4. Yargıtay Kararları ve Uygulamadaki Sorunlar



Yargıtay, çalışma saatlerine ilişkin pek çok karar vermiştir. Örneğin, Yargıtay 22. Hukuk Dairesi'nin 16.03.2017 tarihli, 2016/21488 E. 2017/5235 K. sayılı kararında, işçinin fazla çalışma ücretini talep edebilmesi için bu çalışmaların işveren tarafından talep edilmiş veya işverenin bilgisi dahilinde yapılmış olması gerektiği belirtilmiştir. Yargıtay kararlarında, fazla çalışma iddiasının somut delillerle desteklenmesi gerektiği de vurgulanmaktadır. Uygulamada ise, özellikle kayıt dışı çalışan işçilerin çalışma saatlerinin kanıtlanması büyük bir sorun teşkil etmektedir. Bu durumda, tanık beyanları, işyeri kayıtları ve diğer deliller önem kazanmaktadır. Ayrıca, işverenlerin çalışma saatlerini doğru bir şekilde kayıt altında tutmaması da uygulamada sıkça karşılaşılan bir sorundur. İş Kanunu, işverenlere çalışma sürelerini kayıt altında tutma yükümlülüğü getirmektedir (İş Kanunu m. 67). İşverenler, 4857 sayılı İş Kanunu’nun 67. maddesi ve Çalışma Süreleri Yönetmeliği uyarınca, her türlü işçi için çalışma sürelerini gösteren kayıtlar tutmak zorundadır. Bu kayıtlar, işçinin adı soyadı, çalışma başlangıç ve bitiş saatleri, ara dinlenme süreleri gibi bilgileri içermelidir. Bu yükümlülüğe aykırı davranılması halinde işverene idari para cezası uygulanabilir (İş Kanunu m. 104).



5. Sonuç ve Öneriler



Çalışma saatleri, işçi haklarının korunması açısından büyük önem taşır. Mevzuatın doğru uygulanması ve denetim mekanizmalarının etkin çalışması, işçilerin mağduriyetini önleyecektir. İşverenlerin, çalışma saatlerini yasalara uygun şekilde düzenlemesi ve işçilerin de haklarını bilmesi, sağlıklı bir iş ilişkisinin temelini oluşturur.
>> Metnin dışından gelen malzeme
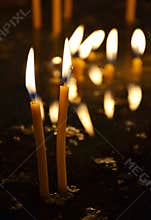 Candles burning in a church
Ayrıca, esnek çalışma modellerinin yaygınlaşmasıyla birlikte, bu alanda yeni düzenlemelere ve uygulamalara ihtiyaç duyulmaktadır. Özellikle uzaktan çalışma ve platform çalışması gibi yeni çalışma biçimlerinin getirdiği sorunların çözümü için güncel mevzuatın yeniden değerlendirilmesi ve gerektiğinde güncellenmesi önemlidir. İşçi ve işveren arasındaki menfaat dengesini koruyacak, esnek çalışma modellerinin avantajlarından yararlanılmasını sağlayacak ve olası riskleri minimize edecek düzenlemeler yapılması gerekmektedir. Ayrıca, iş sağlığı ve güvenliği önlemlerinin de bu yeni çalışma modellerine uyarlanması büyük önem taşımaktadır. Bu bağlamda, işverenlerin uzaktan çalışan işçilerin de iş sağlığı ve güvenliğini sağlamakla yükümlü olduğu unutulmamalıdır (Uzaktan Çalışma Yönetmeliği m. 9). Çalışma saatlerinin etkin bir şekilde yönetilmesi, hem işçi memnuniyetini artıracak hem de iş verimliliğini olumlu yönde etkileyecektir.